Europe’s American Roots
If Pope Benedict XVI, aided by the young generation currently assembling in Cologne, succeeds in re-Christianizing Western Europe he will at the same time be making it more similar to America. In an earlier article in The Brussels Journal I pointed out that “Europe should find its roots in America.” North America was colonized by freedom loving people. Many of them had left Europe because they longed for the freedom to live according to their own conscience instead of the conscience of the centralist absolutist rulers in power across Europe.
American traditions were rooted in the political decentralism of the late Middle Ages and the Aristotelian philosophy of Saint Thomas Aquinas (1225-1274). Aquinas [biography by G.K. Chesterton – warning: protected by copyright outside of Australia] and his followers, the Scholastics, reconciled reason to religion. Chesterton wrote that Aquinas’ contribution to theology “might be called the appeal to Reason and the Authority of the Senses.” “Reason,” Aquinas said, “has a right to rule, as the representative of God in Man.” Pope Benedict agrees with this. Last week’s Newsweek points out that “Ratzinger argues that reason and humanism are at the very core of Christianity, and that is precisely why, beyond the obvious historical facts, Christianity is the true foundation of European culture and values.” It is this foundation that has been preserved in a truer form in the United States than in Europe itself, where from 1789 (the French Revolution) onwards, the state has begun to replace God. It did so, ironically, by contrasting reason to religion. Reason was seen in this sense as the need to centralize and uniformize society.

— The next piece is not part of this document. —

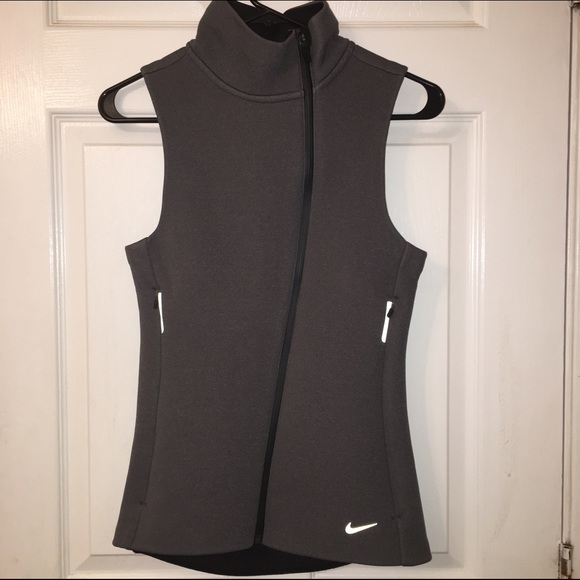 Nike therma fit vest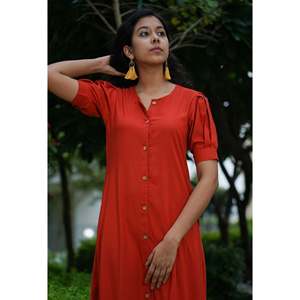 ชุดเดรสลำลองชิบุยสีแดงสนิม แบบเปิดด้านหน้า จับจีบ - Product Image 4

Newsweek perceives in Pope Benedict a certain “nostalgia for the Middle Ages.” This is true where it refers to a longing for a Europe that does not cut itself off from its (medieval) roots but builds on them, instead of continuing the fallacy of 1789 that has led Europe along the path of the three “G”s – Guillotine, Gas chambers and Gulag (three phenomena which America has escaped, not by coincidence) – to the present abyss at the edge of which it teeters. It is time to walk away from this abyss and return to Europe’s roots. That is what the Pope will be saying later this week in Cologne. He could also say it in different words, which he will not employ because they would be perceived as too political, but which amount to the same message: If Europe wants to regain its freedom and its sanity it should learn from American conservatism.